The works of Washington Irving: The author's autograph edition
The Works of Washington Irving: The Autograph Edition [The Legend of Sleepy Hollow; Rip Van Winkle].
Item Number: 49090
New York: G.P. Putnam's Sons, 1895–97.
The Works of Washington Irving: The Author’s Autograph edition. Octavo, 40 volumes, bound in the original publisher’s three quarters morocco over marbled boards, gilt titles and tooling to the spine, top edge gilt, marbled endpapers, with one folding map and two folding charts. One of 500 sets, this set contains a page of original manuscript by Irving and an autograph note signed, both tipped in to volume one of The Alhambra. The manuscript leaf is page 216 of The Alhambra manuscript, with several deletions and corrections in ink. In the autograph note, signed “Washington Irving” and dated “Tuesday May 1,” the author regrets not being able to accept an invitation as he is dining with “Mr. Murray.” In near fine condition with light wear. A very nice set.

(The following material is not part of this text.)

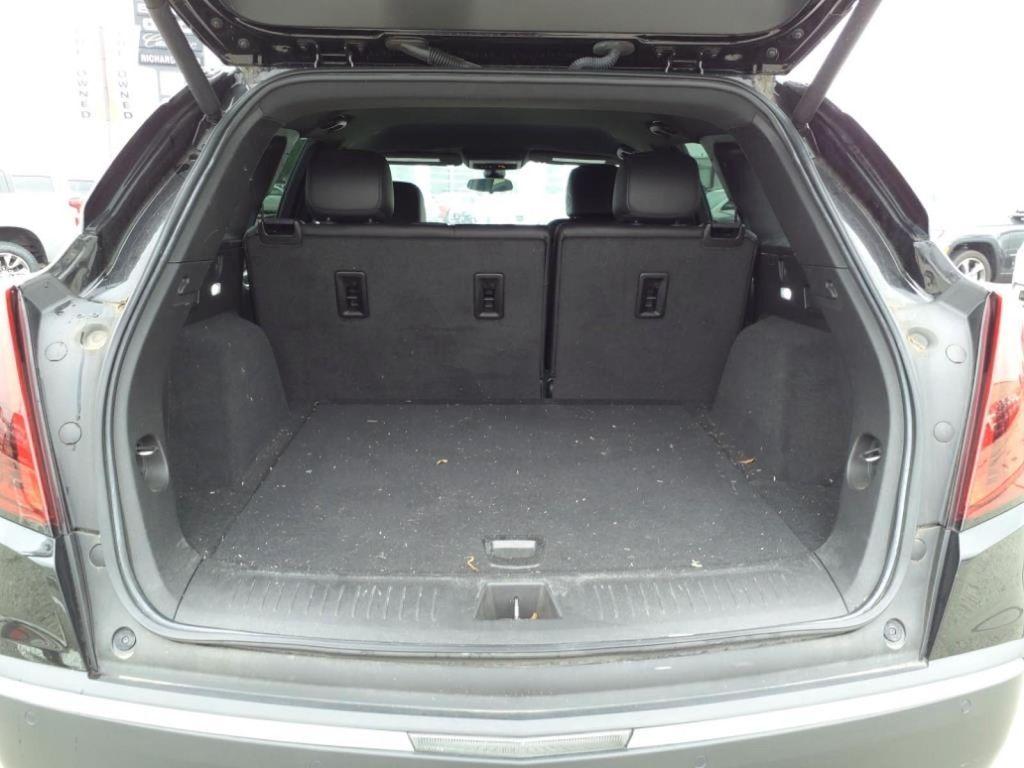 used 2022 Cadillac XT5 car, priced at $39,988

Washington Irving was a novelist, biographer, historian, and diplomat of the early 19th century. He is best known for his short stories "Rip Van Winkle" (1819) and "The Legend of Sleepy Hollow" (1820), both of which appear in his book The Sketch Book of Geoffrey Crayon, Gent. His historical works include biographies of George Washington, Oliver Goldsmith, and Muhammad, and several histories of 15th-century Spain dealing with subjects such as Christopher Columbus, the Moors and the Alhambra. Irving served as the U.S. ambassador to Spain from 1842 to 1846. Shortly after completing a biography of Christopher Columbus in 1828, Washington Irving traveled from Madrid, where he had been staying, to Granada, Spain. At first sight, he described it as "a most picturesque and beautiful city, situated in one of the loveliest landscapes that I have ever seen." Irving was preparing a book called A Chronicle of the Conquest of Granada, a history of the years 1478–1492, and was continuing his research on the topic. He immediately asked the then-governor of the historic Alhambra Palace as well as the archbishop of Granada for access to the palace, which was granted because of Irving's celebrity status. Aided by a 35-year-old guide named Mateo Ximenes, Irving was inspired by his experience to write Tales of the Alhambra. The book combines description, myth and narrations of real historical events, even up through the destruction of some of the palace's towers by the French under Count Sebastiani in 1812, and the further damage caused by an earthquake in 1821. Throughout his trip, Washington filled his notebooks and journals with descriptions and observations though he did not believe his writing would ever do it justice. He continued to publish regularly—and almost always successfully—throughout his life, and just eight months before his death (at age 76, in Tarrytown, New York), completed a five-volume biography of George Washington. Irving, along with James Fenimore Cooper, was among the first American writers to earn acclaim in Europe, and Irving encouraged American authors such as Nathaniel Hawthorne, Herman Melville, Henry Wadsworth Longfellow, and Edgar Allan Poe.